Problem: Only the lines from the one containing "Ford Econoline 1999 photo 13" to the end of the listing below should be returned, exactly as written and without pictures.

Data:
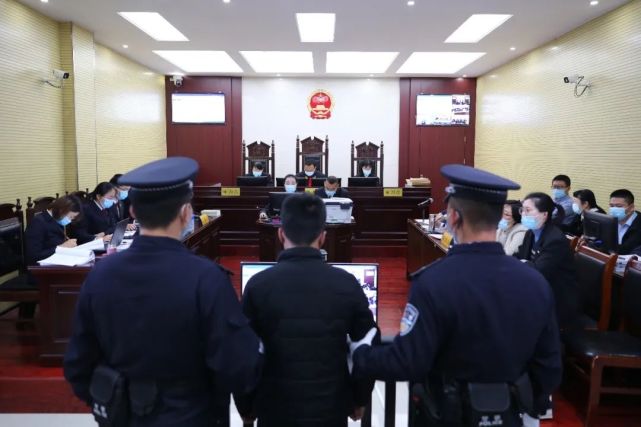 滨州李炳杰等8人涉恶案开庭审理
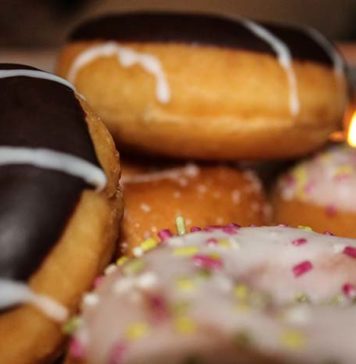 Przepis na pączki z powidłami śliwkowymi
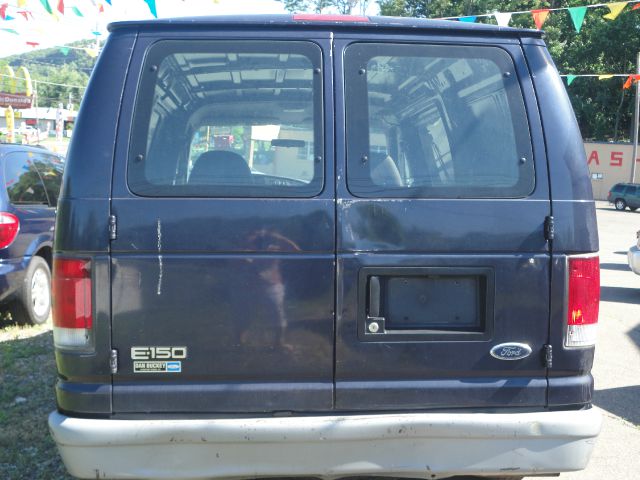 Ford Econoline 1999 photo 13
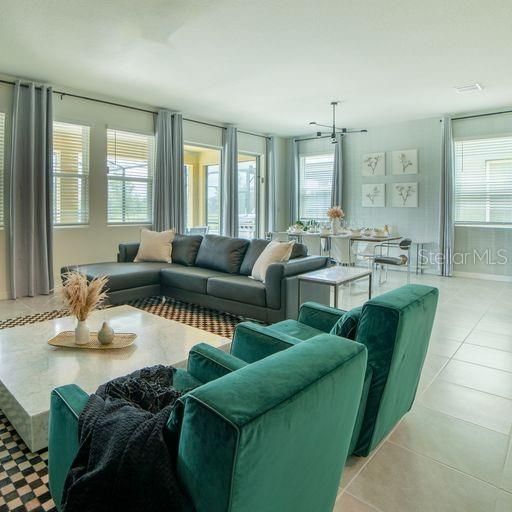 For Sale: $699,000 (6 beds, 5 baths, 3270 Square Feet)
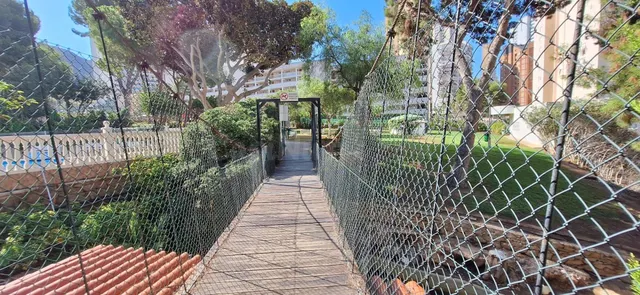 Apartamento reformado con piscina y parking comunitario — 24
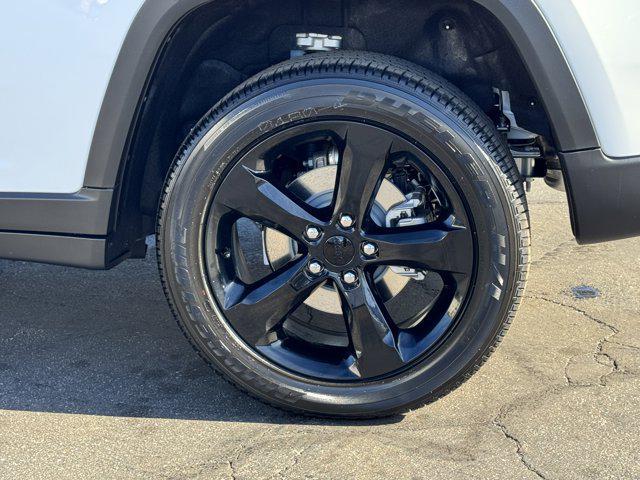 new 2025 Jeep Grand Cherokee car, priced at $47,780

Solution to the problem:
 Ford Econoline 1999 photo 13
 For Sale: $699,000 (6 beds, 5 baths, 3270 Square Feet)
 Apartamento reformado con piscina y parking comunitario — 24
 new 2025 Jeep Grand Cherokee car, priced at $47,780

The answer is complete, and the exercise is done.